JosephFerano/Notes-TheAlgorithmDesignManual

Fork 0

Joseph Ferano cf3d8c1a1c Mergesort implementation

2023-01-15 22:44:59 +07:00

17 KiB

Raw Blame History

Notes & Exercises: The Algorith Design Manual

Chapter 1
Chapter 2
Chapter 3
Chapter 4

Chapter 1

1.1 Robots

An algorithm is a procedure that takes any of the possible input instances and transforms it to the desired output.

The Robot arm problem is presented where it is trying to solder contact points and visit all points in the shortest path possible.

The first algorithm considered is NearestNeighbor. However this is a naïve, and the arm hopscotches around

Next we consider ClosestPair, but that too misses in certain instances.

Next is OptimalTSP, which will always give the correct result because it enumerates all possible combinations and return the one with the shortest path. For 20 points however, the algorithm grows at a right of O(n!).

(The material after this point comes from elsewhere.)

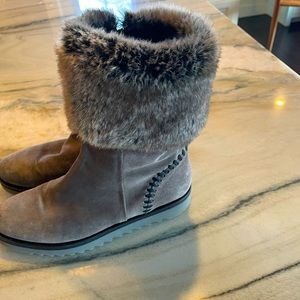 Size 8 Aquatalia suede winter boots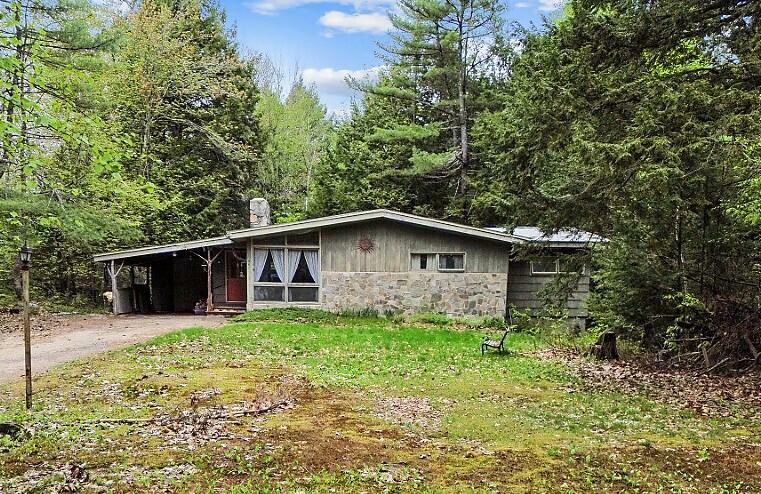 Property Photo: 587 Lewiston Road ME 04086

TSP stands for Traveling Salesman Problem.

TODO Implement NearestNeighbor

TODO Implement ClosestPair

TODO Implement OptimalTSP for N < 8

1.2 Right Jobs

Here we are introduced to the Movie Scheduling Problem where we try to pick the largest amount of mutually non-overlapping movies an actor can pick to maximize their time. Algorithms considered are EarliestJobFirst to start as soon as possible, and then ShortestJobFirst to be done with it the quickest, but both fail to find optimal solutions.

ExhaustiveScheduling grows at a rate of O(2ⁿ) which is much better than O(n!) as in the previous problem. Finally OptimalScheduling improves efficiency by first removing candidates that are overlapping such that it doesn't even compare them.

1.3 Correctness

It's important to be clear about the steps in pseudocode when designing algorithms on paper. There are important things to consider about algorithm correctness;

Verifiability
Simplicity
Think small
Think exhaustively
Hunt for the weakness
Go for a tie
Seek extremes

Other tecniques include Induction, Recursion, and Summations.

1.4 Modeling

Most algorithms are designed to work on rigorously defined abstract structures. These fundamental structures include;

Permutations
Subsets
Trees
Graphs
Points
Polygons
Strings

1.5-1.6 War Story about Psychics

Chapter 2

2.1 RAM Model of Computation

This is a simpler kind of Big Oh where

Each simple operation is 1 step
Loops and Subroutines are composition of simple operations
Each memory access is one time step

Like flat earth theory, in practice we use it when engineering certain structures because we don't take into account the curvature of the Earth.

We can already apply the concept of worst, average, and best case to this model.

2.2 Big Oh

The previous model often requires concrete implementations to actually measure correctly, so instead Big Oh gives us a better, simpler framework for discussing the relative performance between algorithms. It ignores factors that don't impact how algorithms scale.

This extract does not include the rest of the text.